* _Action item_:
When writing out the entries below, keep only the lines from the line with "BABAR 6 CM ROUND BADGE" to the line with "Zinc Alloy Commemorative Coin Badge", both included, exactly as they are, and leave the pictures aside.

* _Exercise data_:
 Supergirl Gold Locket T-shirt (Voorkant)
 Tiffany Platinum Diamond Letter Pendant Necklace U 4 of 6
==
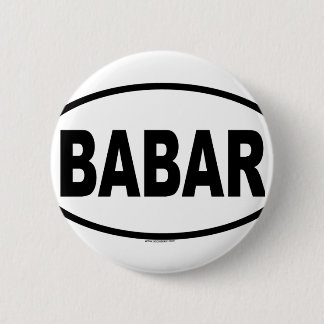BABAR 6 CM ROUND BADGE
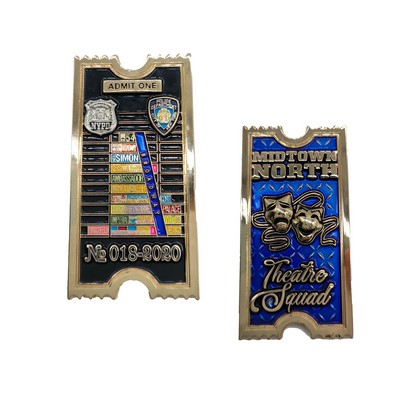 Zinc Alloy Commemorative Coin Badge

* _Response area_:
BABAR 6 CM ROUND BADGE
 Zinc Alloy Commemorative Coin Badge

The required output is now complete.